Отец будил во мне любознательность, но пришло время, и он перестал отвечать на мои вопросы или отвечал одинаково: «Так хочет аллах». Отец-то был неграмотным и, преподав мне всю науку, завещанную от деда, дальше, как ты понимаешь, двигать моё образование уже не мог. Тогда-то и появилась у меня мечта: пойти учиться. Куда, где, у кого — я ещё не знал, знал только, что есть в больших аулах школы, где дети учатся, а выучившись, читают книги, а книги объясняют, как устроен этот мир.
А тут и случай подвернулся. Приехал к нам однажды в селение учитель-казах их Тургая и рассказал мне о тамошней школе. Я к отцу: так, мол, и так, отпусти меня учиться. А отец и слышать не хочет. Где я, говорит, возьму денег, чтобы тебя учить? Поплакал я, поплакал, а когда наступила осень, взял да и сбежал из дома. Как раз в те поры из соседнего аула в Тургай направлялся караван со скотом на ярмарку, вот я и пристроился к нему погонщиком. А уж в Тургае отыскал того учителя, который приезжал к нам, и с его помощью поступил в туземную ремесленную школу.

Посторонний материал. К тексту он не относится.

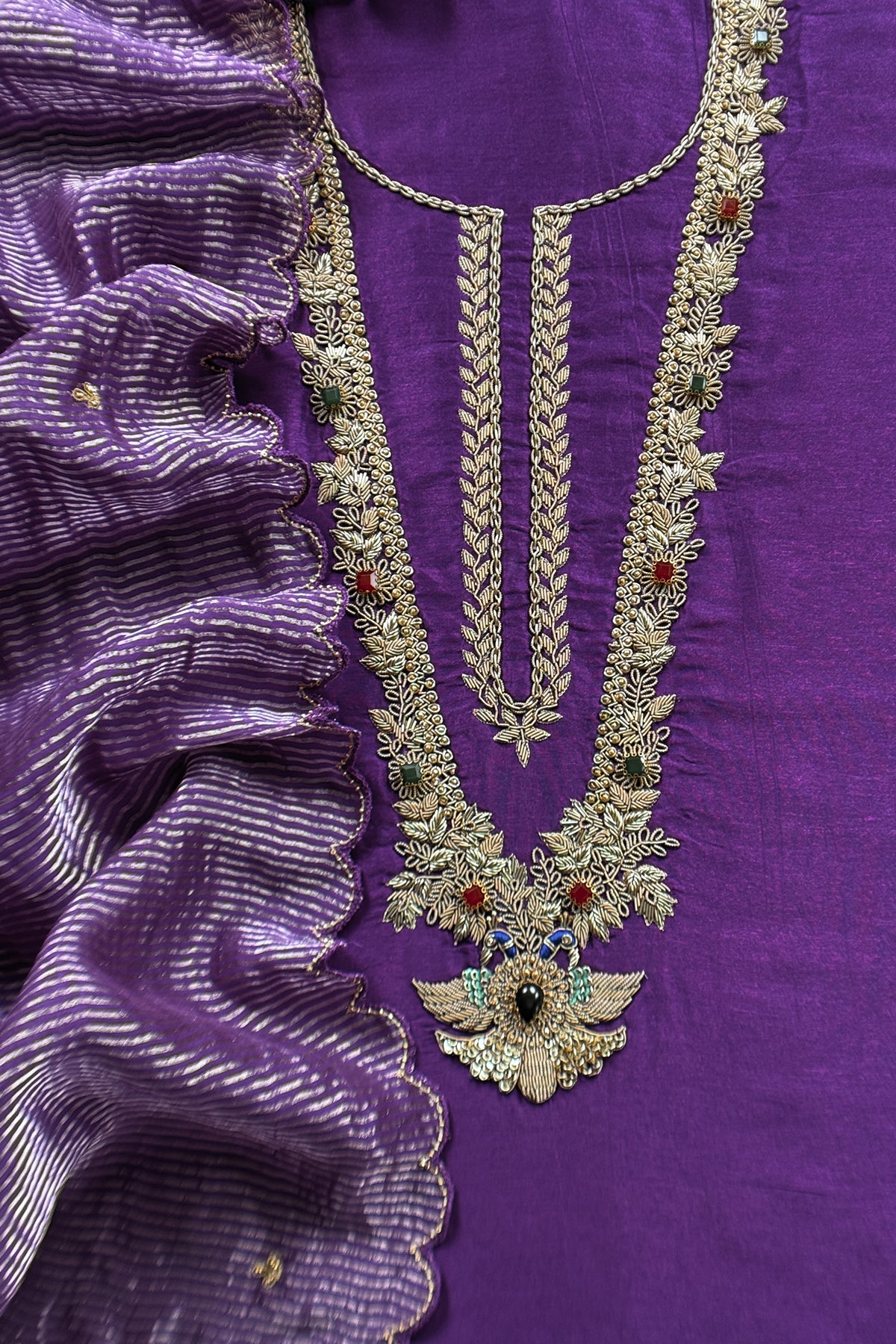 Luxury silk suit with dabka dori chidiya handwork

Было нас в школе человек тридцать пять — сорок, а может быть, немного больше, русские и казахи. Обучали там грамоте, столярному и кузнечному делу. Занятия велись на русском языке, и этот новый для меня язык я быстро усвоил.
Мне очень нравилось учиться, и когда я сделал свою первую табуретку, то казалось, гордости моей не будет конца… Но через год приехал отец, разругался с учителем и насильно забрал меня домой, в Кайдаул. Но теперь я был уже не просто беглец, а беглец с опытом. Выждал я немного, пристроился к каравану, направлявшемуся в Кустанай, да и был таков. А в Кустанае поступил в двухклассную русскую школу. Но ты не думай, что больше мне не пришлось бегать от отца. Проучился я этак с годик, как снова встретился с отцом. Он требовал меня домой и грозил мне всеми карами аллаха. И тут я понял, что для учёбы нужно сыскать такое место, откуда бы отец не мог меня вытребовать, и попросил совета у инспектора народных училищ Алекторова.
Это был очень хороший человек. Он помог в училище устроиться и о моей дальнейшей судьбе позаботился — снабдил меня рекомендательным письмом к директору Оренбургского духовного училища. Так я стал бурсаком. Ты» наверное, читал «Очерки бурсы» Помяловского? Так вот, жизнь моя в Оренбурге ничем не отличалась от той, которую описал в своей книге русский писатель.
Училище я окончил в 1908 году. Отец уговаривал меня вернуться домой, но жажда знаний погнала меня на север. В том же году я поступил в Казани в учительскую семинарию.
Казань — город большой, университетский, почище, пожалуй, твоей Астрахани, но жить мне в ней было не очень сладко. Чтобы кое-как заработать на хлеб, я и дрова колол барынькам, и барки разгружал на причалах — никакой работой не гнушался. Но беда не в этом, беда в том, что сама учёба меня разочаровала. Я стремился к знаниям, к свету, а у нас в семинарии больше на закон божий напирали — надеялись выучить нас на миссионеров христианства. Мулла втолковывал мне, что есть бог только мусульманский, а поп — что только христианский, но, признаться, к тому времени я уже был законченным атеистом.
Запомнился мне наш учитель истории Ашмарин. Выл он человеком образованным, передовых взглядов, многими языками владел прекрасно? Он и помог мне познакомиться с историей стран Востока, понять суть и личину российского самодержавия и его политику в отношении народов Средней Азии. Благодаря Ашмарину я научился отличать народ от правителей, рабочих и крестьян от помещиков и капиталистов. Уже тогда я понял, что трудовому народу Казахстана нужно вместе бороться рука об руку со своим русским братом.